Stereoselective amination of allylic and homoallylic alcohols was applied to the synthesis of nonproteinogenic hydroxy amino acids. The total synthesis of (±)-threo-γ-hydroxy-β-lysine (1) was completed in 10 steps from phthalimide and 4-bromo-1-butene in 6.8% overall yield. The threo 1,2-amino alcohol functionality was obtained from a trans oxazolidine derivative, which was formed by the intramolecular amidomercuration of carbamoyl ether 72. The important intermediate, carbamoyl ether 72d, was formed by amidoalkylation of alcohol 68 and partial hydrogenation of ether 71d. As a key step, the mercury ion-initiated cyclization of carbamoyl ether 72 gave trans-oxazolidine derivative 73 as the major product after reductive demercuration. Debenzylation of oxazolidine 73d produced the alcohol, which was oxidized to acid 74d. Hydrazinolysis to cleave the phthalimido group followed by cleavage of the carbamate group and ring-opening by hydrobrominolysis gave threo-γ-hydroxy-β-lysine as lactone 75. The intramolecular amidomercuration of an α,β-unsaturated ester system was also successful. Thus, ester 103 was cyclized by mercuric trifluoroacetate in ethyl acetate for form oxazolidine 104 in high yield. The threo and erythro 1,3-amino alcohol functionalities of γ-hydroxy-α-amino acids were obtained through the formation of disubstituted tetrahydrooxazine derivatives via intramolecular amidomercuration. Two diastereoisomeric amino acids, threo- and erythro-γ-hydroxynorvaline, were synthesized stereoselectively from the same carbamoyl ether intermediate 107. The synthesis of (±)-erythro-γ-hydroxynorvaline (isolated as lactone 114) was completed in 5 steps from 4-penten-2-ol in 34.4% overall yield. The diastereomeric acid, (±)-threo-γ-hydroxynorvaline, (isolated as lactone 115) was synthesized in 28.4% overall yield.

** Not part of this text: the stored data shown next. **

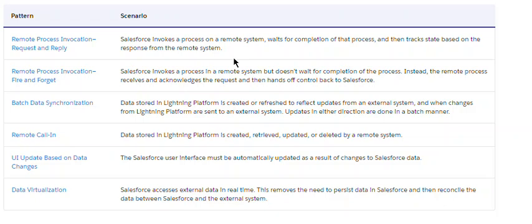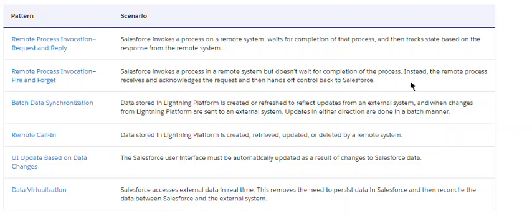The second one is remote process invocation — fire and forget, meaning asynchronous. You call a process and just forget it; they'll handle it on their own time. Salesforce invokes a process on a remote system but does not wait for completion. The remote process receives and acknowledges the request, then hands control back to Salesforce. Salesforce doesn't wait for the result, error code, or return code.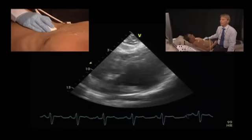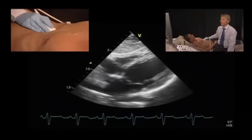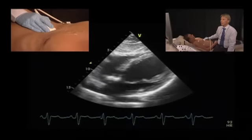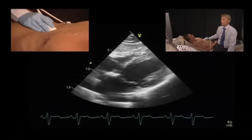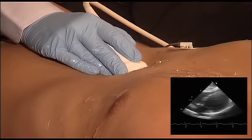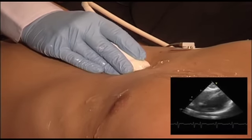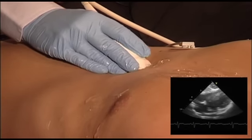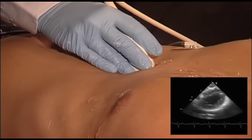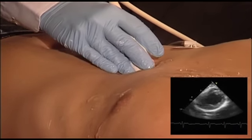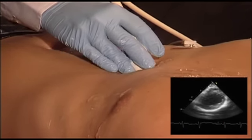From the sub-costal four-chamber view, all you would have to do is rotate the probe counter-clockwise — asking the patient to breathe in slightly — and then you will get a short-axis view of the left ventricle.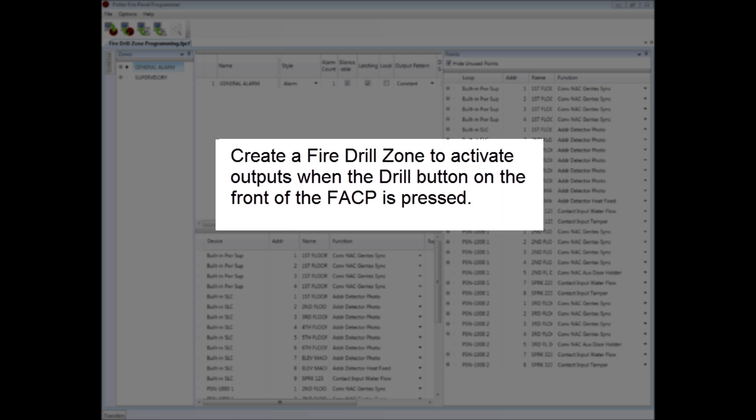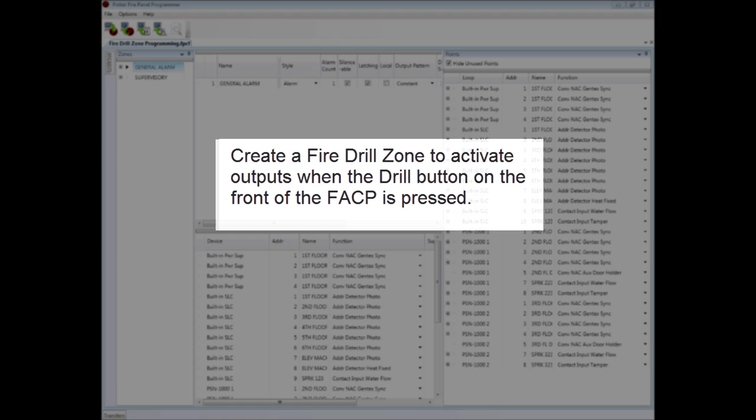On the PFC 6000 series fire alarm control panels, in order for the drill button on the front of the fire alarm control panel to activate the notification circuits that you want to activate in a fire drill, you need to create a fire drill zone in the programming software.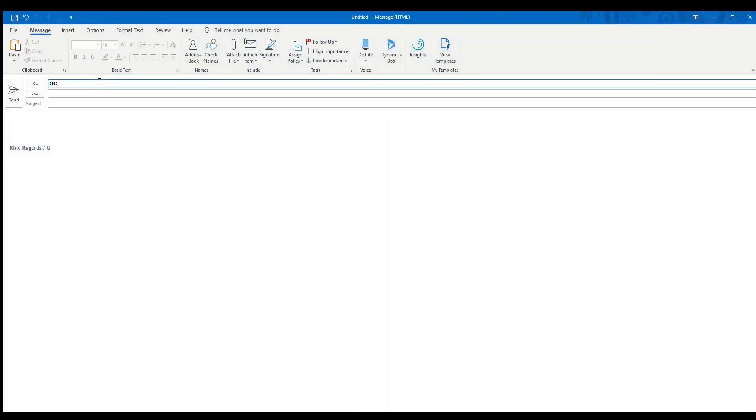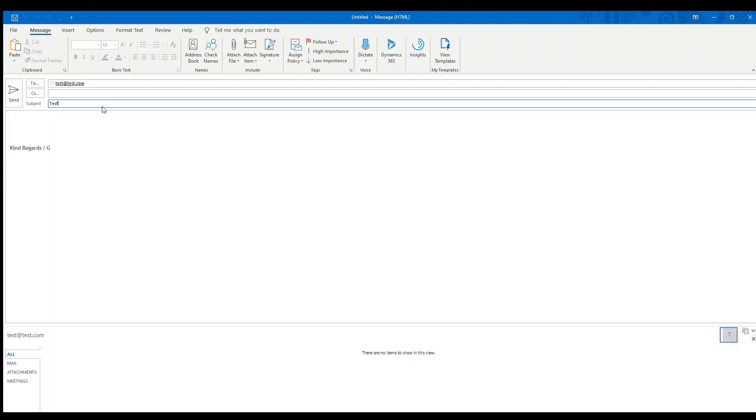Well hello and welcome to Germanism Total Nerdry channel. Today I will show you how to use the send later feature in Outlook desktop app.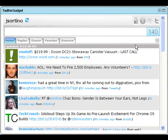I wanted to provide a quick overview of phase one of Twitter Gadgets' Twitter Lists implementation. Phase one, in an effort to get things to you as quickly as possible, strictly provides the ability for you to view existing lists to which you've subscribed — either lists that you've generated, public or private, or other public lists in which you've subscribed.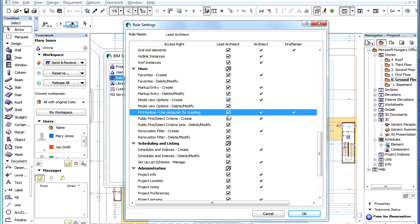If this Access right is enabled for a role, then users with that role may be asked by the BIM Server to create the PLN project backup files in their ArchiCAD instances.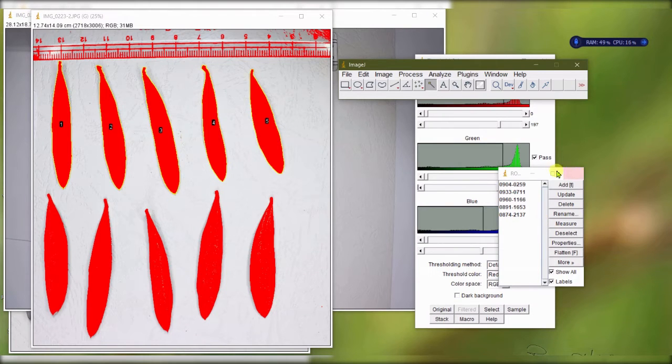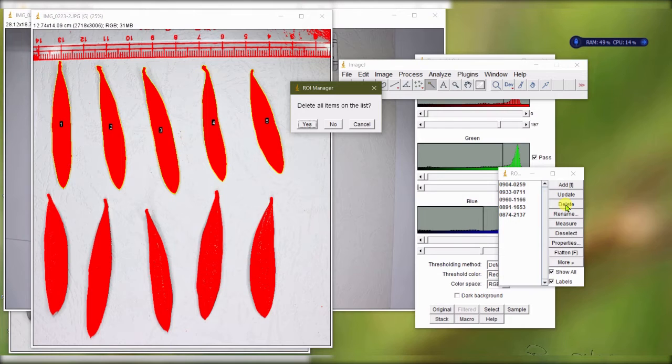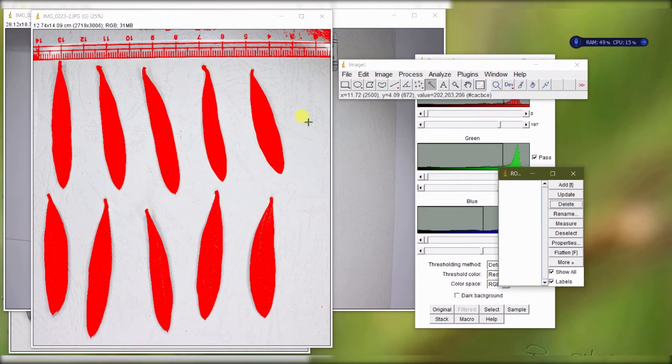Once you are done, you can keep this data and you can also delete the whole thing. Delete it all, and then start from the beginning.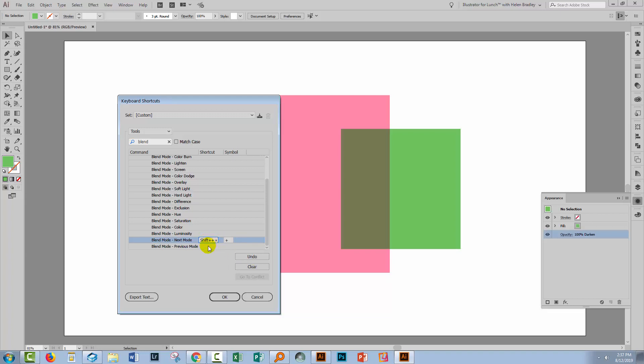I'm also going to set one for going in the opposite direction, which is Shift minus. So I'll click here and press Shift minus. And I'll click OK.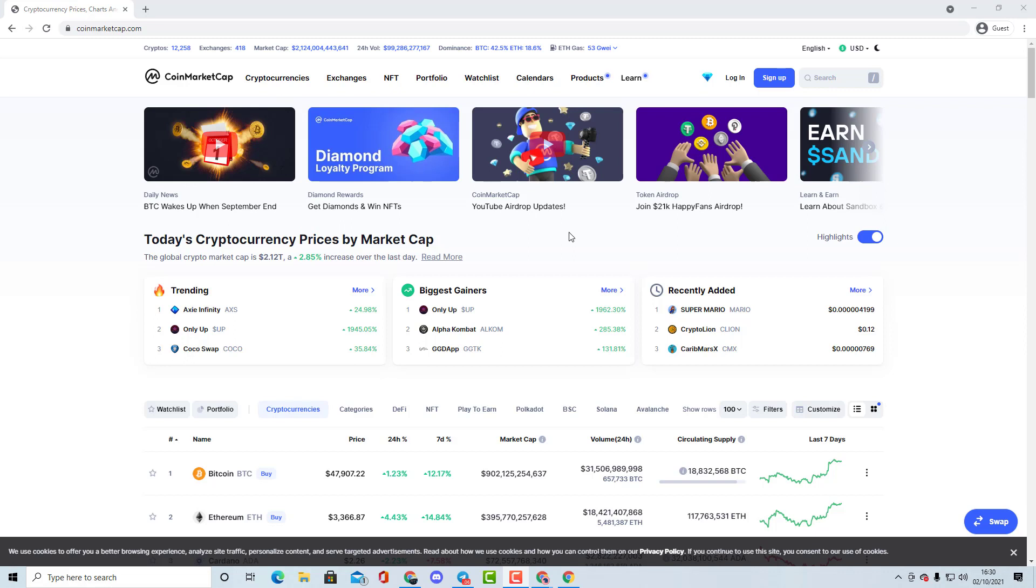So if you are currently interested in cryptocurrency, or even if you are a current investor as well, even better, then this is possibly the channel for you guys.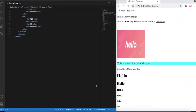Hi everyone, welcome back to my YouTube channel. This is day five of our HTML training. I am Rawit, and today we'll talk about div, and then we'll talk about class and id.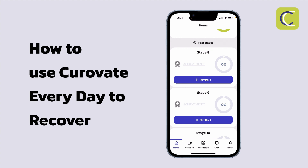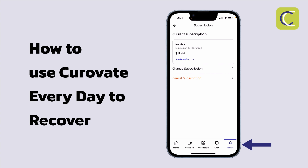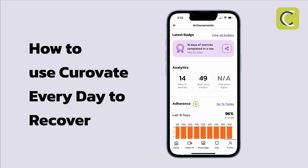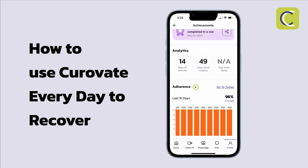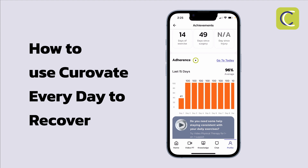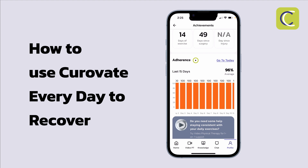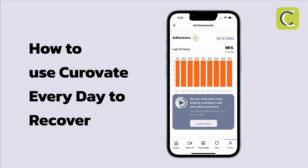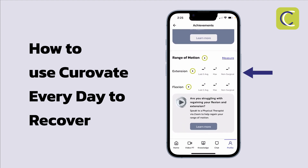It's also a good idea to select the profile at the bottom right and take a look at your achievements. On the achievements page you can see your badges at the top, your number of days of exercise, and very importantly a graph showing your adherence — how consistently you are doing the exercises within the app. In this case, averaging 96% adherence means I'm doing really well, with only one day where I struggled at 41%. This graph keeps a tally of all your exercise adherence.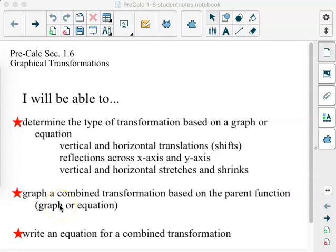Please grab your yellow concepts, your learning objectives, and rate yourself before the lesson.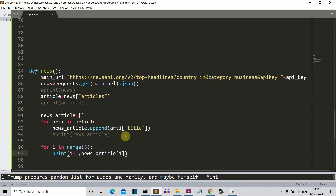So this is it for this project. This was a short video in which I showed you how to create a Python program that extracts the latest news from the internet using the News API. You can also do this natively by scraping news from a specific website using web scraping, but that's it from my side. Let's meet in the next lecture where we'll create something more awesome. Bye!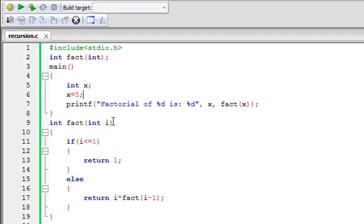A factorial is the product of that number and all the numbers lesser than it down to 1. So if you're calculating the factorial of 4, you multiply 4 × 3 × 2 × 1. For 6, you multiply 6 × 5 × 4 × 3 × 2 × 1 — you only take integer values in between. In this tutorial we're going to calculate the factorial of 5.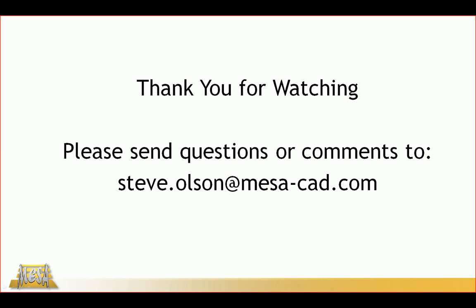If you have any questions or comments, please feel free to email me. My email address is there on the screen. Thank you for watching.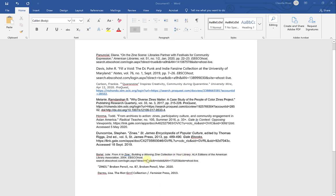And here at the bottom I have an ebook which I retrieved from EBSCOhost from our EBSCOhost ebook collection. And I have two additional citations which I obtained from our library catalog.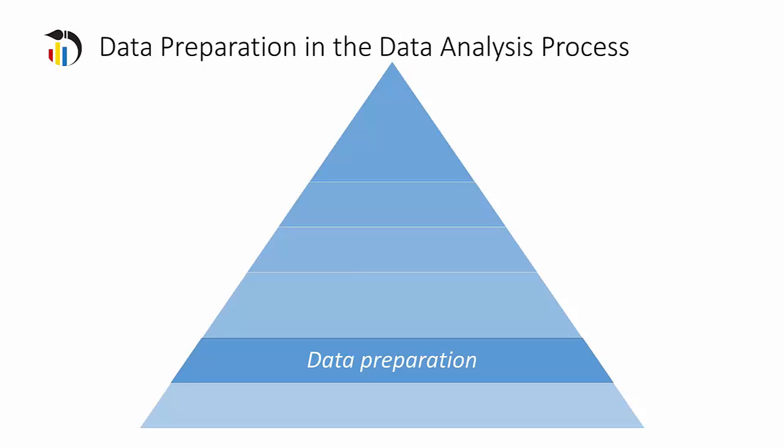Data preparation is a step in the data analysis process in which data from one or more sources is cleaned and transformed and enriched to improve its quality prior to its use.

Treatment of 4-penten-2-ol with N-(acetoxymethyl)carbamate 70 gave carbamoyl ether 107. As a key step, the mercury ion-initiated cyclization of ether 107 and oxidative demercuration gave alcohol 110 as the major product. The trans alcohol 111 was formed by equilibration of organomercurial 119 followed by oxidative demercuration. Alcohols 110 and 111 were oxidized by Jones' reagent to acids 112 and 113. The cleavage of the benzyloxycarbonyl group and tetrahydrooxazine ring by hydrobrominolysis produced racemic threo- and erythro-γ-hydroxynorvaline as lactones 114 and 115.